# When the gases sulphur dioxide and hydrogen sulphide mix in the presence of water, the reaction "SO"_2 + 2"H"_2"S" -> 2"H"_2"O" + 3"S" occurs. Here hydrogen sulphide is acting as?

## a) an oxidizing agent b) a reducing agent c) a dehydrating agent d) a catalyst

Jun 28, 2018

Hydrogen sulphide is a reducing agent.

#### Explanation:

A good starting point for any reaction is to look at oxidation numbers. If they change, a redox reaction has occurred.

Here are some thoughts.

A dehydrating agent will extract water from another reactant. I would say that you need a hydroxyl (OH) group for this to occur. A dehydrating agent could be an acid and protonate the OH group, which can then leave as water. A catalyst is not used up in the reaction, so is hydrogen sulphide used up?
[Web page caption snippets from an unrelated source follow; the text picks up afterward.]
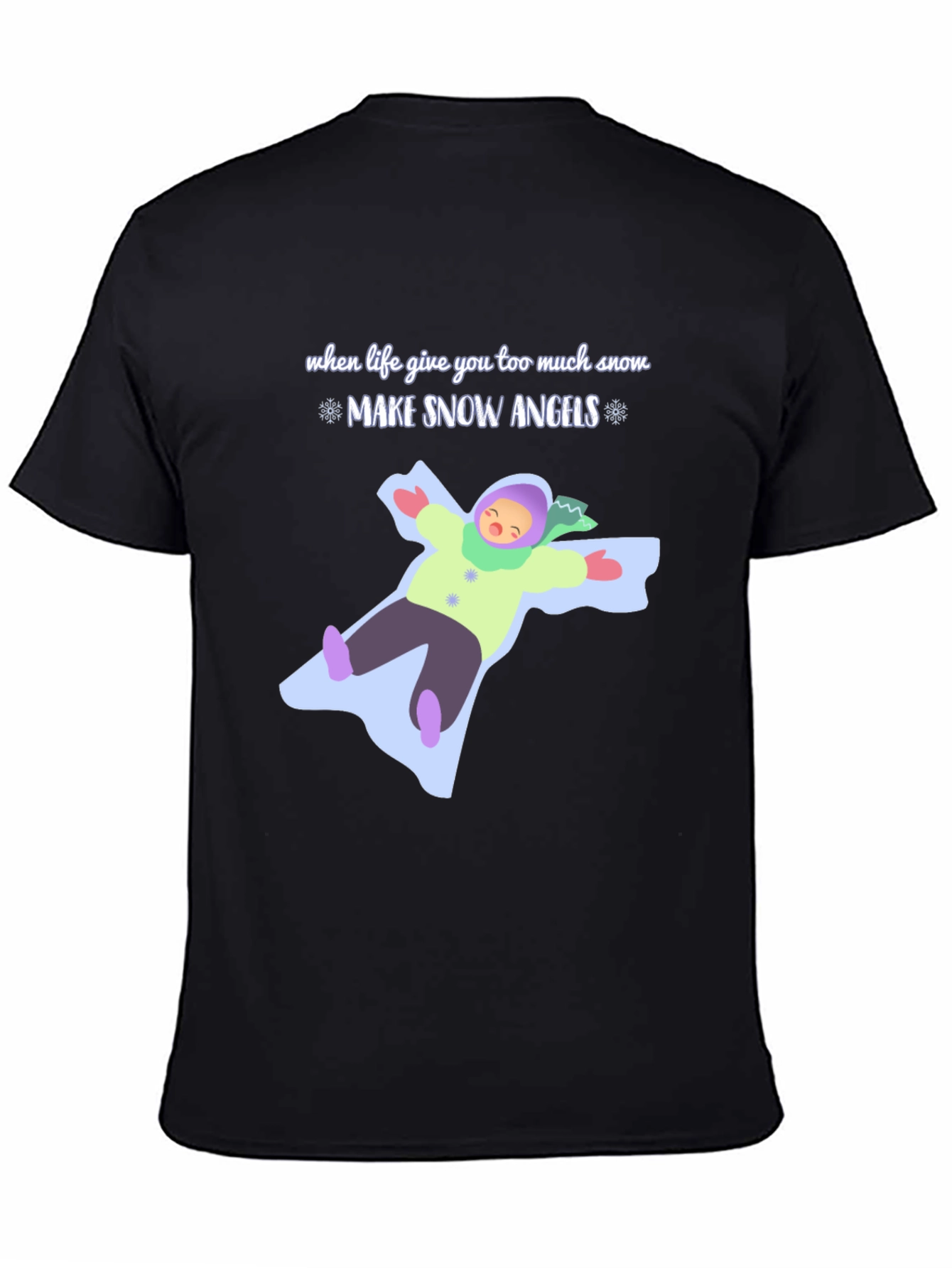 Make Snow Angels Graphic Tee - Winter Fun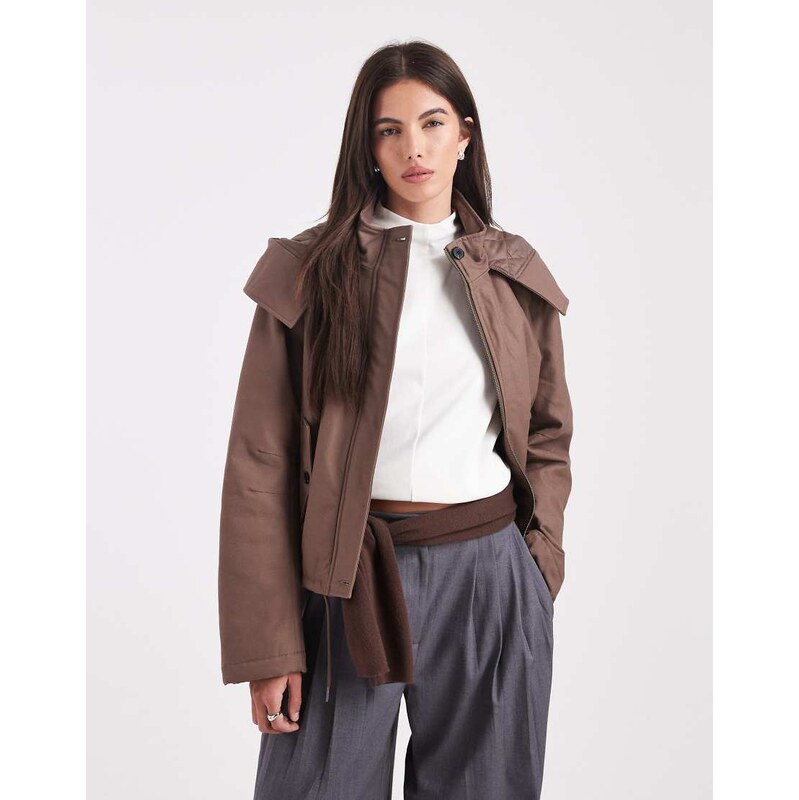ASOS DESIGN cropped parka with hood in brown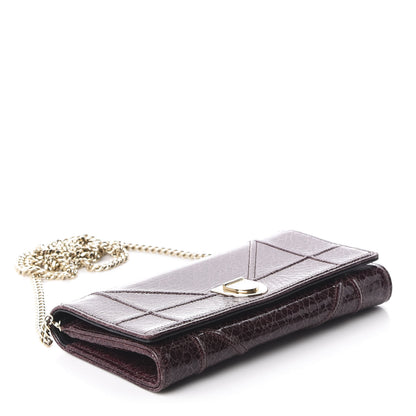 Christian Dior Ceramic Effect Deerskin Diorama Croisiere Chain Wallet Burgundy 4 of 9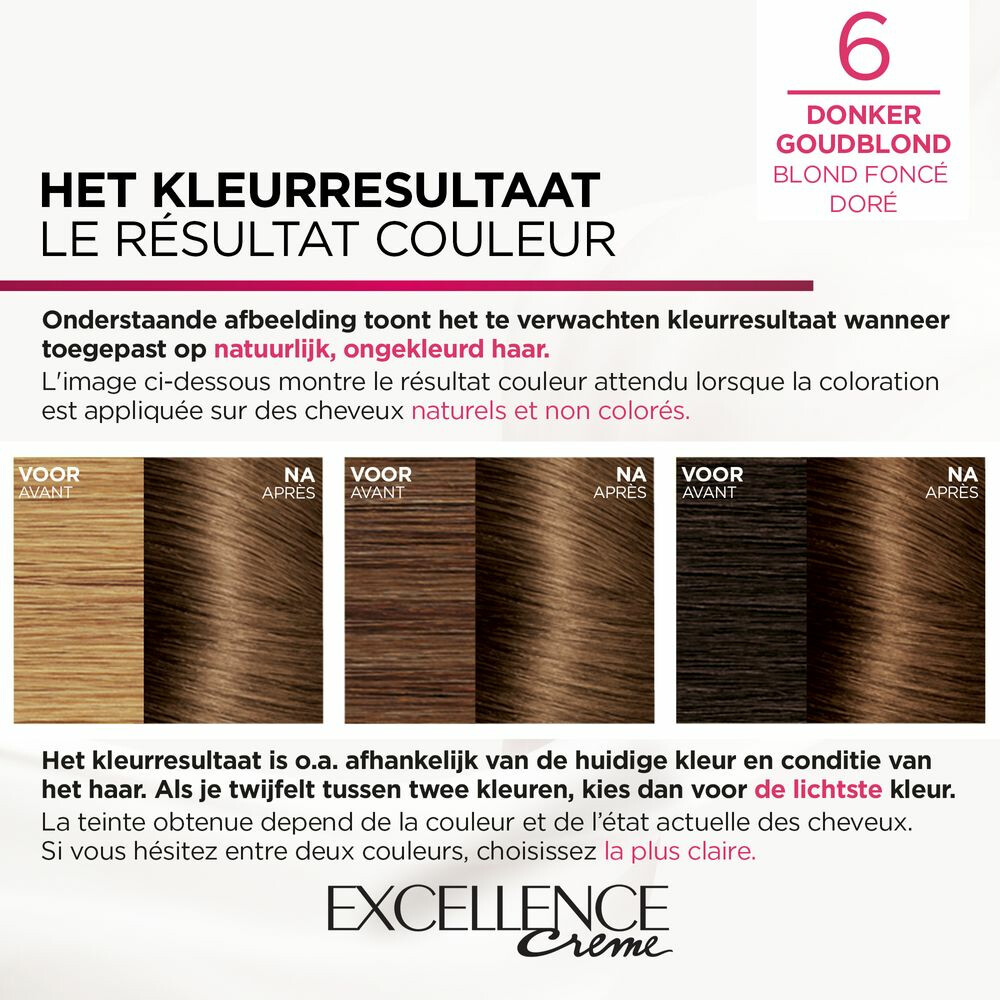 L'Oréal Excellence Crème Permanente Crèmekleuring 6 Donkerblond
Hydrogen is usually in a +1 oxidation state and oxygen a -2 state.

Reactants

${H}_{2}^{\textcolor{red}{+ 1}} {S}^{\textcolor{b l u e}{- 2}}$

${S}^{\textcolor{red}{+ 4}} {O}_{2}^{\textcolor{b l u e}{- 2}}$

Products

${S}^{\textcolor{red}{0}}$

${H}_{2}^{\textcolor{red}{+ 1}} {O}^{\textcolor{b l u e}{- 2}}$

Look at ${H}_{2} S$, the oxidation number of sulphur has gone from -2 to 0. This means that it has been oxidised and is therefore a reducing agent.

For $S {O}_{2}$, the oxidation number of sulphur has gone from +4 to 0. This is a reduction and makes $S {O}_{2}$ an oxidising agent. We can essentially ignore H and O in this case as they don't change.